> _Short web captions_:
--*--

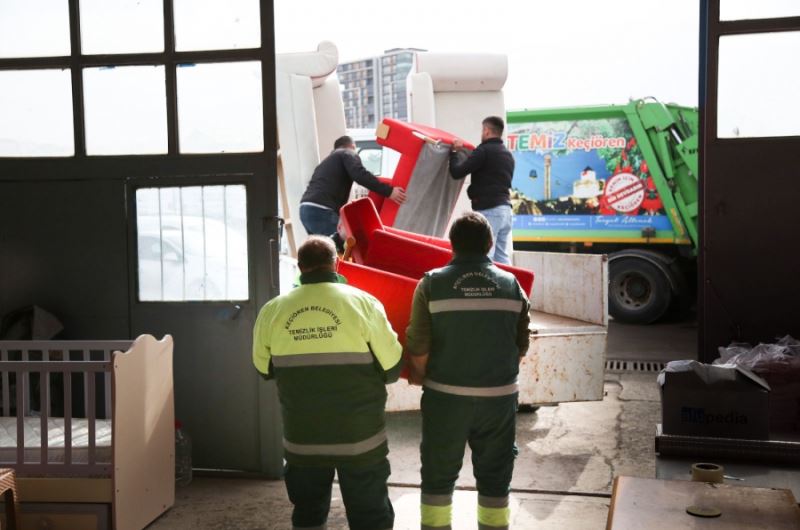 Keçiören Belediyesinden 1.500 aileye eşya desteği ve taşınma hizmeti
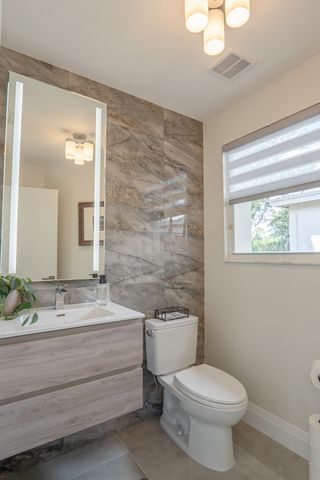 6670 NW 27th Avenue, Boca Raton, FL 33496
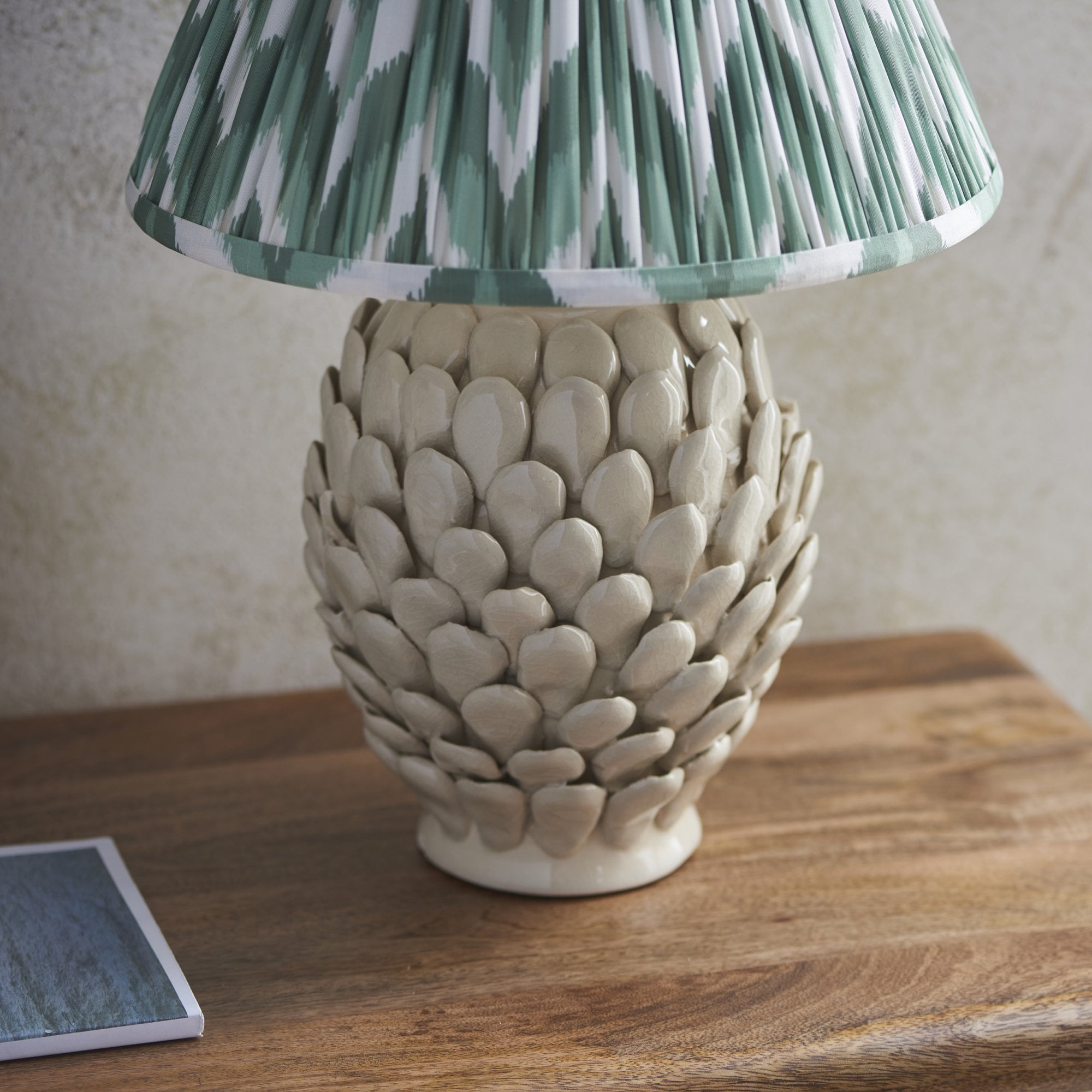 Endon Layered Leaf Ivory Crackle Glaze Ceramic Table Lamp & Zigzag 30cm Cotswold Green Shade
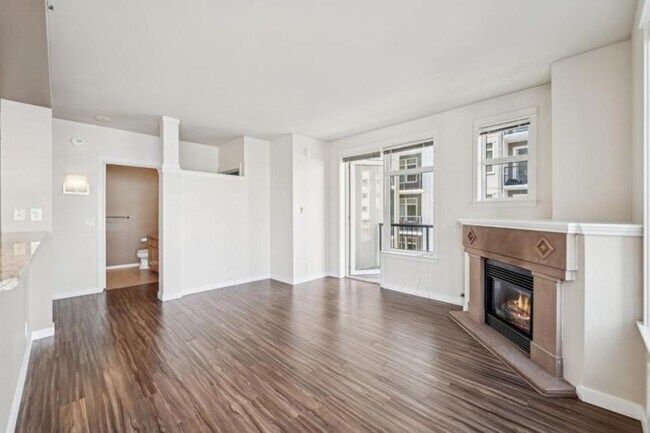 Building Photo - 1 bedroom in Seattle WA 98121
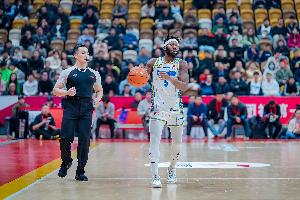 攻防稳定输出！杰曼15中7&6罚6中砍下22分2板4助2断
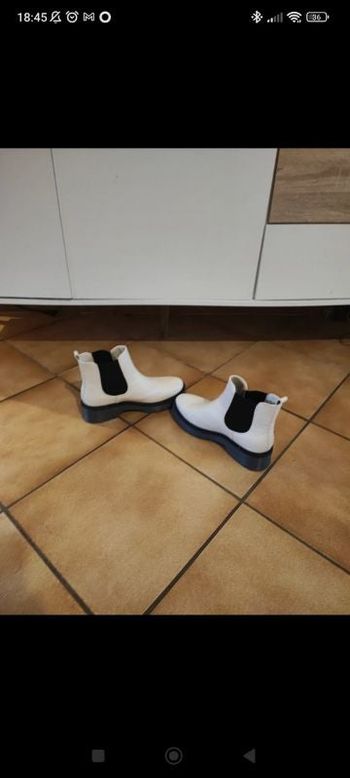Bottes noires et blanche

--*--

> _WHAT TO WORK ON_:
Exactly reproduce the entries above, minus the pictures.

> _ANSWER_:
 Keçiören Belediyesinden 1.500 aileye eşya desteği ve taşınma hizmeti
 6670 NW 27th Avenue, Boca Raton, FL 33496
 Endon Layered Leaf Ivory Crackle Glaze Ceramic Table Lamp & Zigzag 30cm Cotswold Green Shade
 Building Photo - 1 bedroom in Seattle WA 98121
 攻防稳定输出！杰曼15中7&6罚6中砍下22分2板4助2断
Bottes noires et blanche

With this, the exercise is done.